- _Exercise_
Every line from the one with "this 640×480 image." to the final line of the records should be printed exactly as it is, with pictures left out.

[Images for object localization]
--- START ---
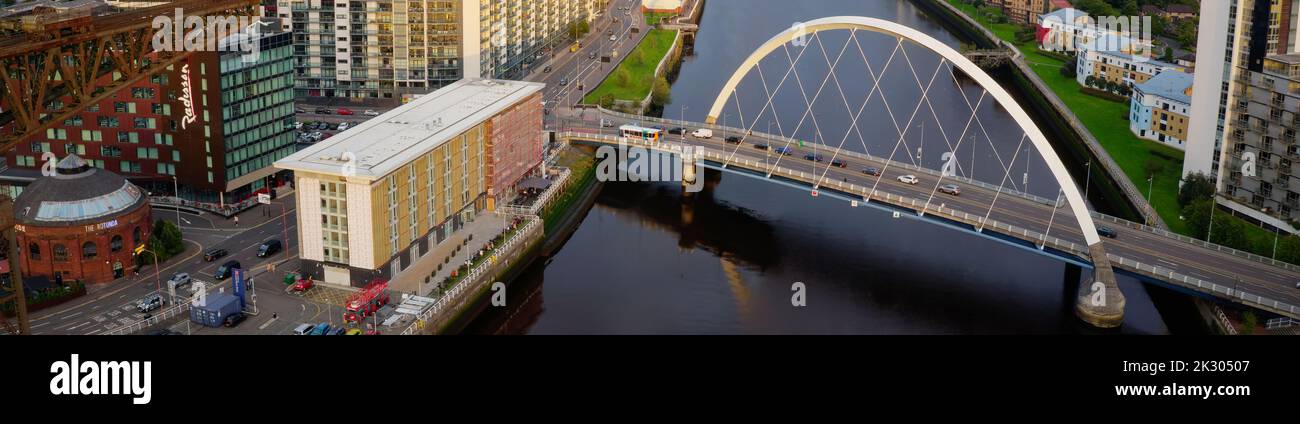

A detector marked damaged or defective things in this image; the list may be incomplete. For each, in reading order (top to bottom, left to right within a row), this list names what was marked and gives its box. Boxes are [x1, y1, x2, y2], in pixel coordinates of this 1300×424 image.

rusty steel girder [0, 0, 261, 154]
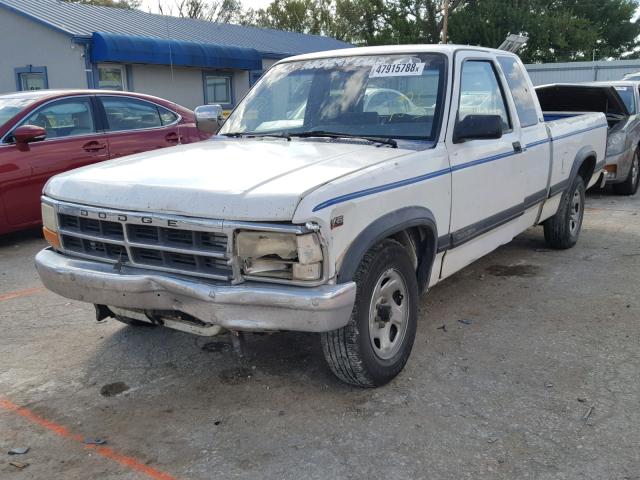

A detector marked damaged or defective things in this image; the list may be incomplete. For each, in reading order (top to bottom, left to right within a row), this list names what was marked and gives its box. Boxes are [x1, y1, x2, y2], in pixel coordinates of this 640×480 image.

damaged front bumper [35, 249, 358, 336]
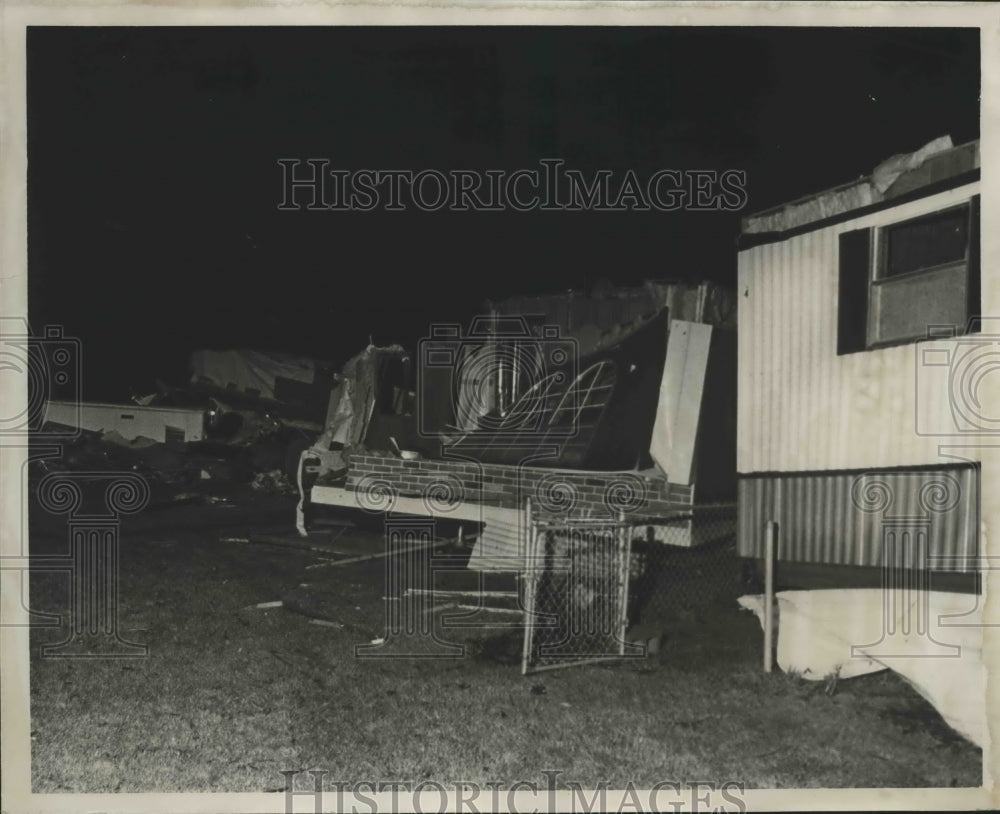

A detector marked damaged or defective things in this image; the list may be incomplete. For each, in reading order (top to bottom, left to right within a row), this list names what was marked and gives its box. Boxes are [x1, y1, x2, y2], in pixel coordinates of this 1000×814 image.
--- END ---
- _Reply_
A detector marked damaged or defective things in this image; the list may be incomplete. For each, in reading order (top to bottom, left to right within a row), this list names what was marked and gives its box. Boxes are [x1, y1, x2, y2], in pixel coordinates of this 640×480 image.

damaged front bumper [35, 249, 358, 336]

A detector marked damaged or defective things in this image; the list may be incomplete. For each, in reading order (top to bottom, left to right within a row), this list names what was marked and gives its box. Boxes are [x1, y1, x2, y2], in pixel coordinates of this 1000×814 image.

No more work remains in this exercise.